BEGIN DATA

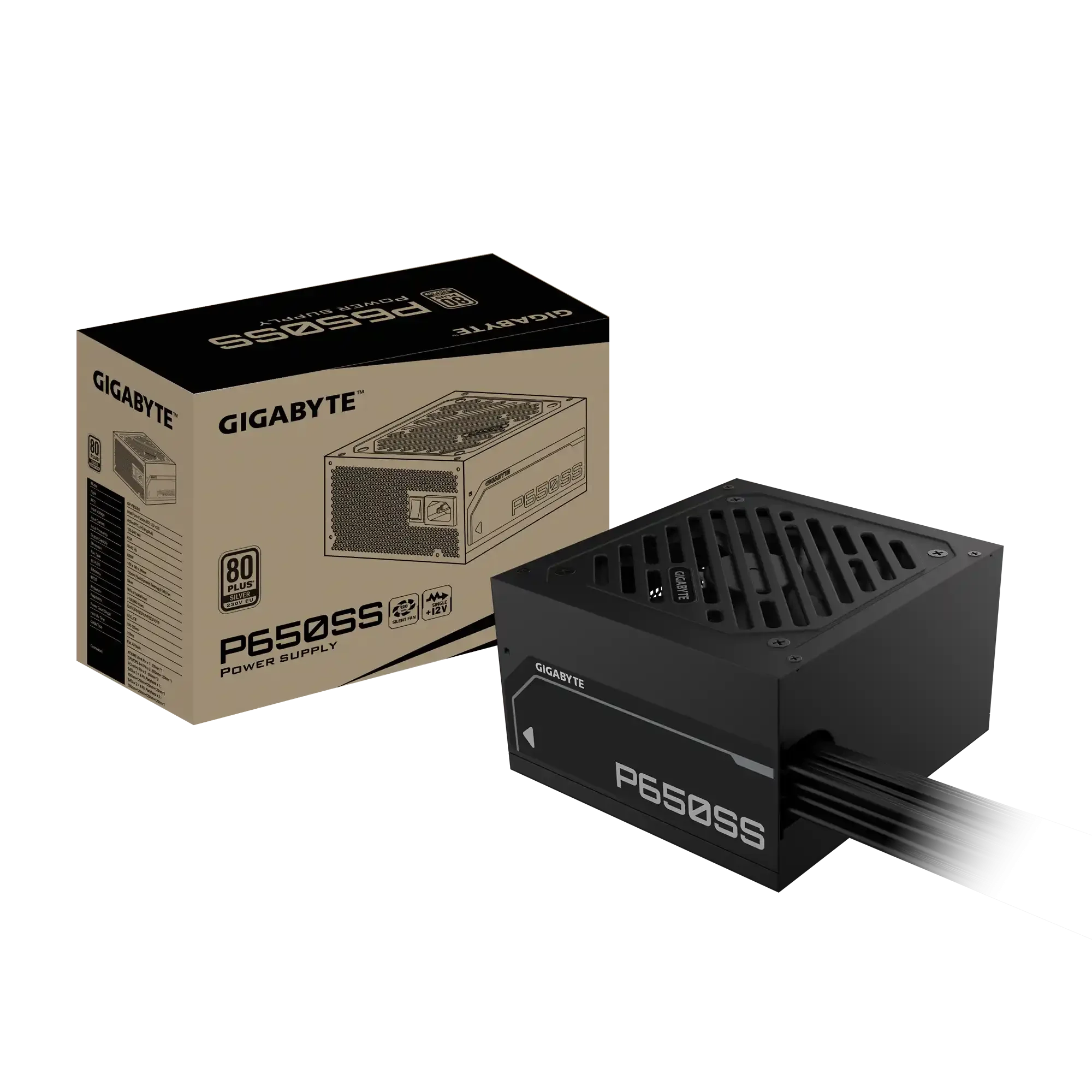 Napajanje 650W Gigabyte GP-P650SS Silver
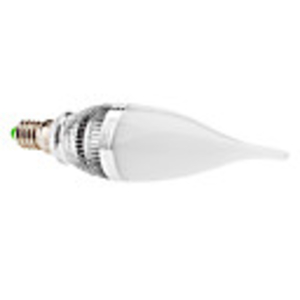 Dimmable E14 3W 210-240LM 3000-3500K Warm White Light White Cover LED Candle Bulb (85-265V)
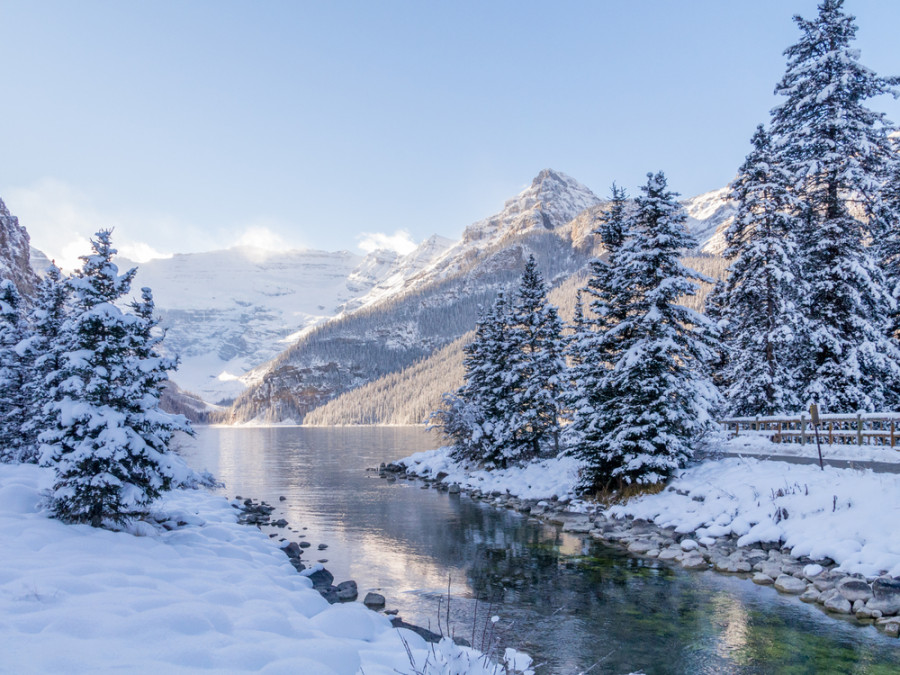 Paysage hivernal au Canada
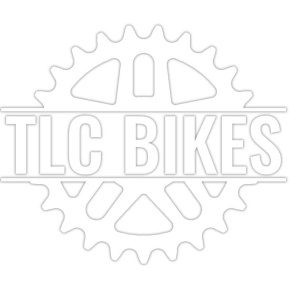 Naklejka TLC (białe logo)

END DATA

Could you return exactly the lines starting with the one that contains "Dimmable E14 3W" and ending with the last line of the data above? Leave the pictures out.

> _SOLUTION TO THE PROBLEM_:
 Dimmable E14 3W 210-240LM 3000-3500K Warm White Light White Cover LED Candle Bulb (85-265V)
 Paysage hivernal au Canada
 Naklejka TLC (białe logo)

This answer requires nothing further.